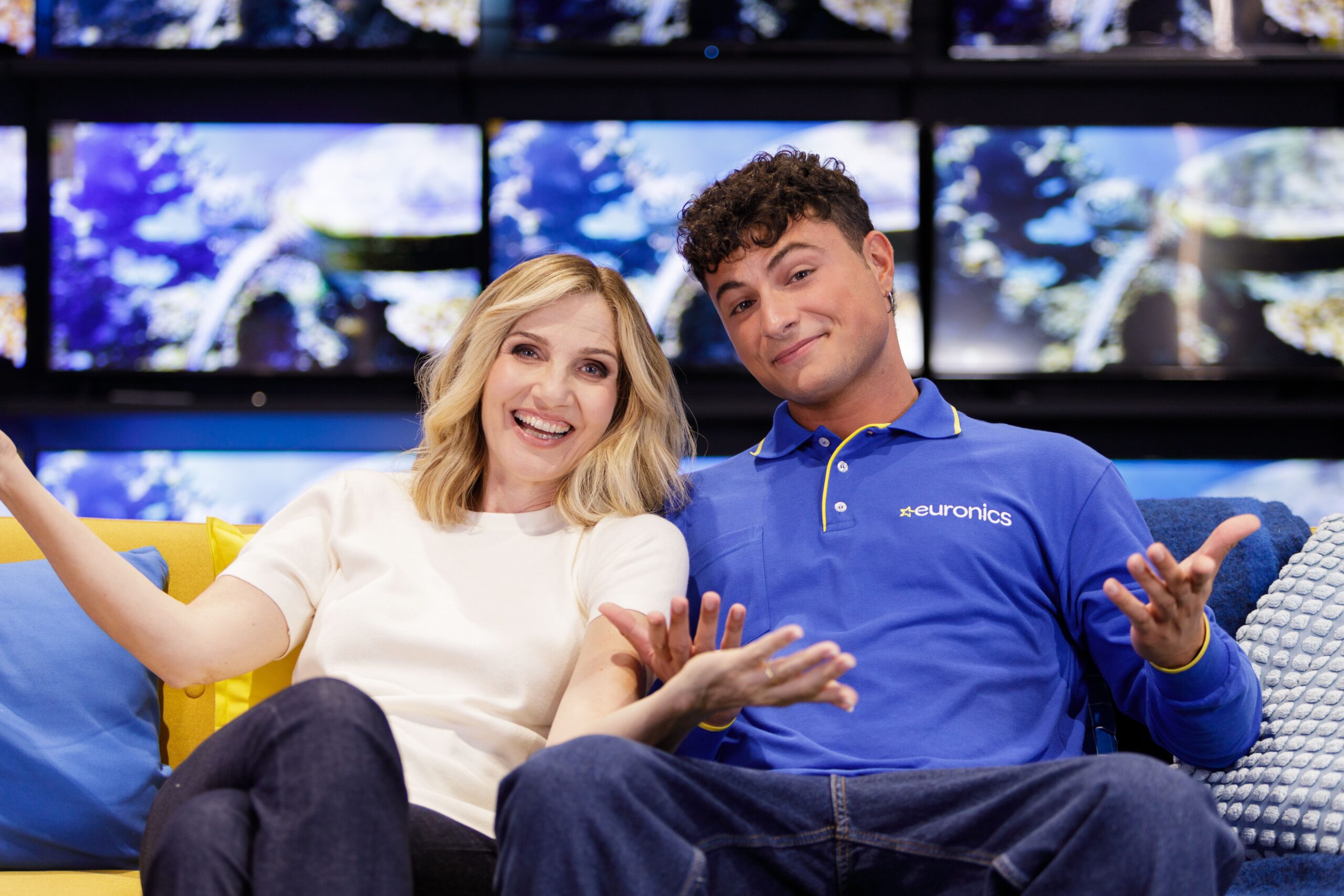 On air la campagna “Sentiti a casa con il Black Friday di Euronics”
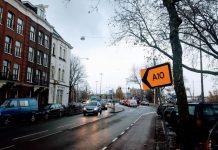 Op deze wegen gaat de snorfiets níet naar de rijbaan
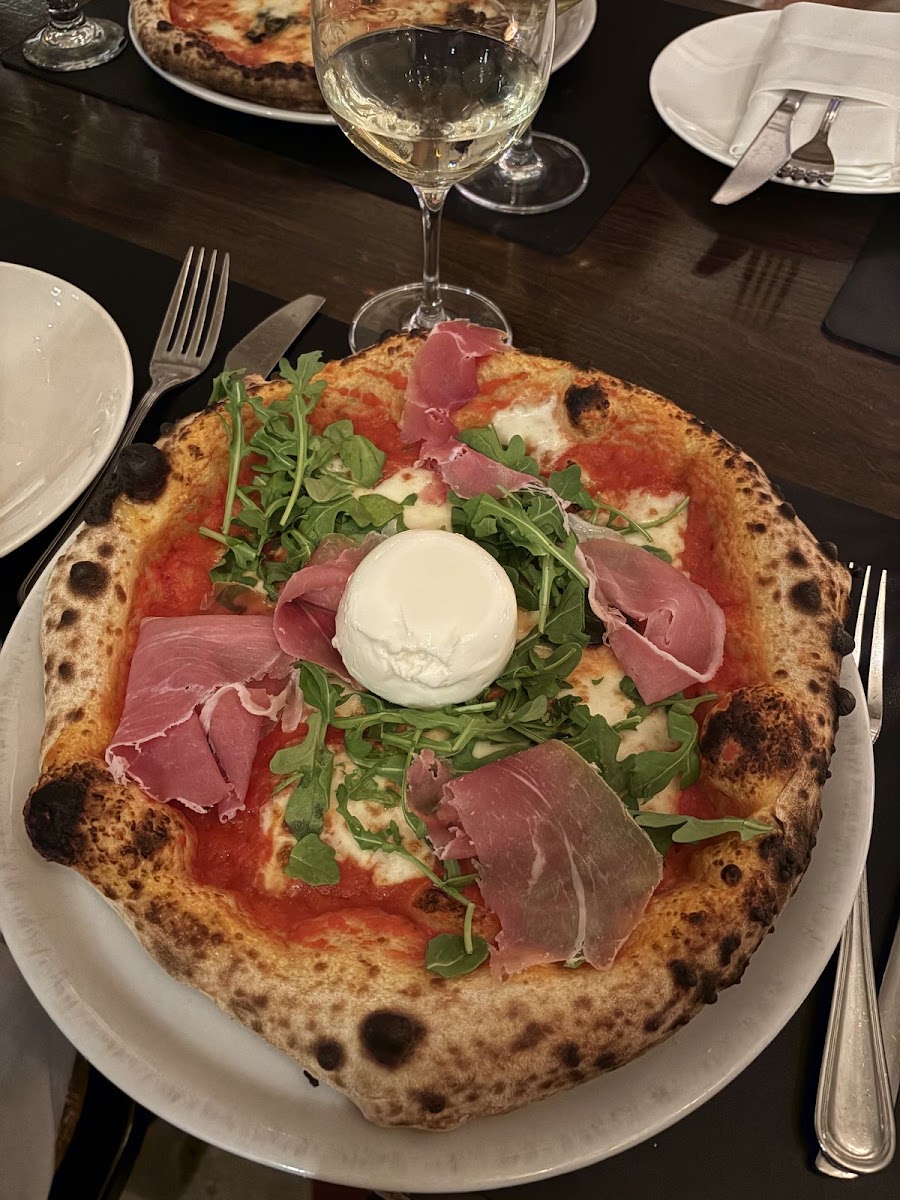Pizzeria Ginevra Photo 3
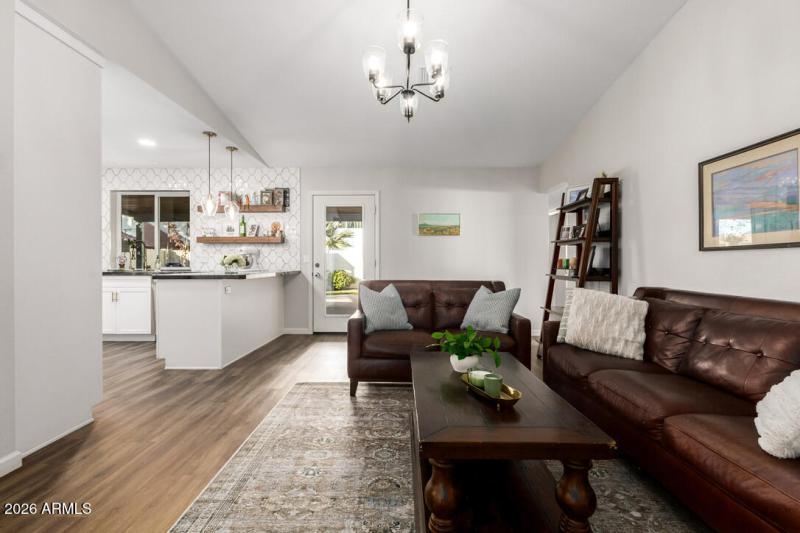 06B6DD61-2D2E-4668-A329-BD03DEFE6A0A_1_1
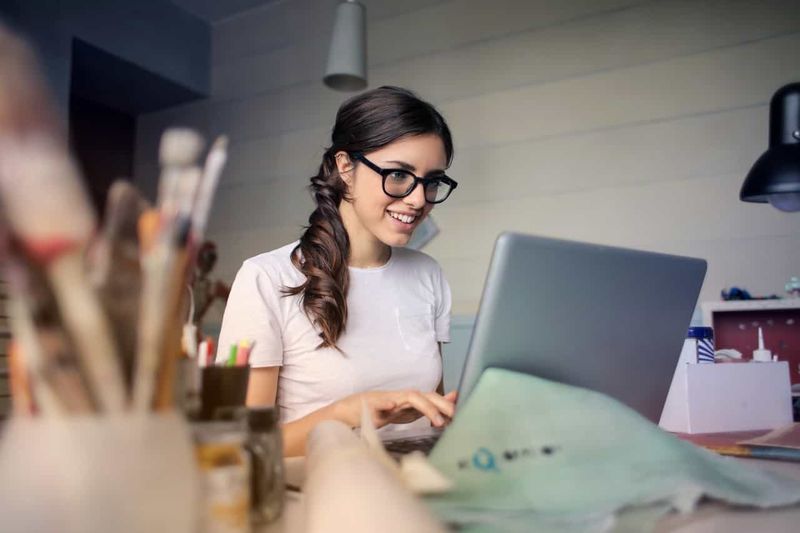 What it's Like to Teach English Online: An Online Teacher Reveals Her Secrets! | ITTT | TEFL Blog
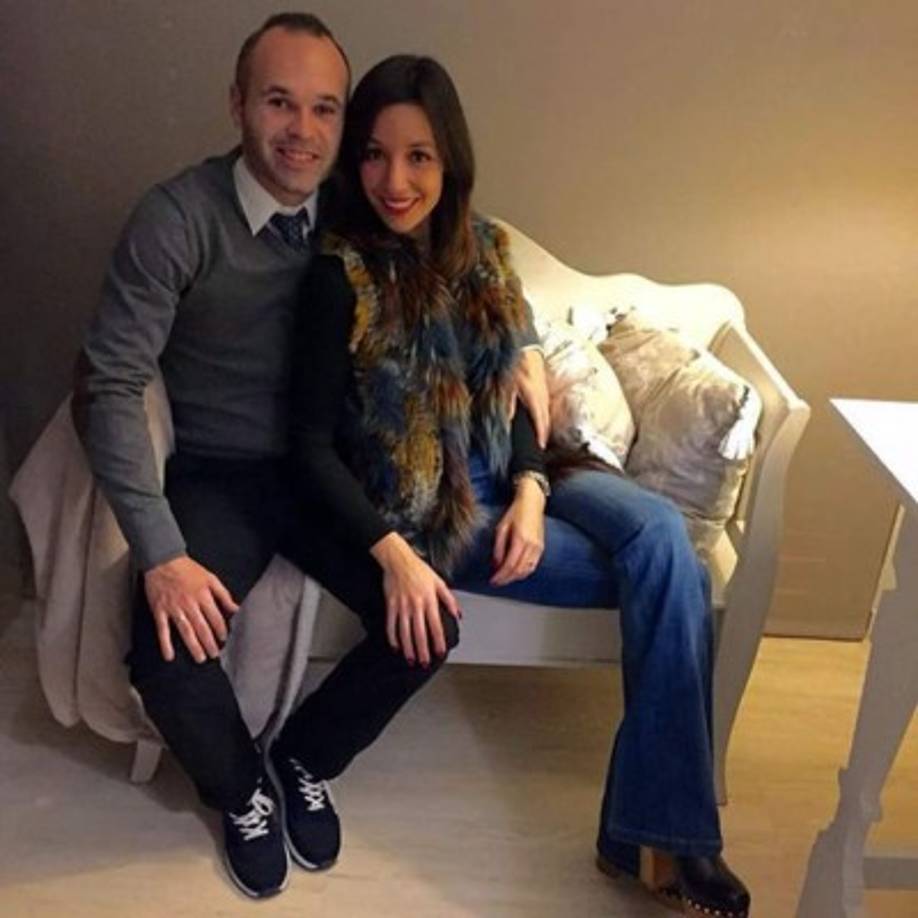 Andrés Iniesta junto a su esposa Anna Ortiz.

— Aim of the exercise —
Working down from the line with "06B6DD61-2D2E-4668-A329-BD03DEFE6A0A_1_1", copy each line exactly until the last line of the entries, which is also included. Omit the pictures.

— Answer section —
 06B6DD61-2D2E-4668-A329-BD03DEFE6A0A_1_1
 What it's Like to Teach English Online: An Online Teacher Reveals Her Secrets! | ITTT | TEFL Blog
 Andrés Iniesta junto a su esposa Anna Ortiz.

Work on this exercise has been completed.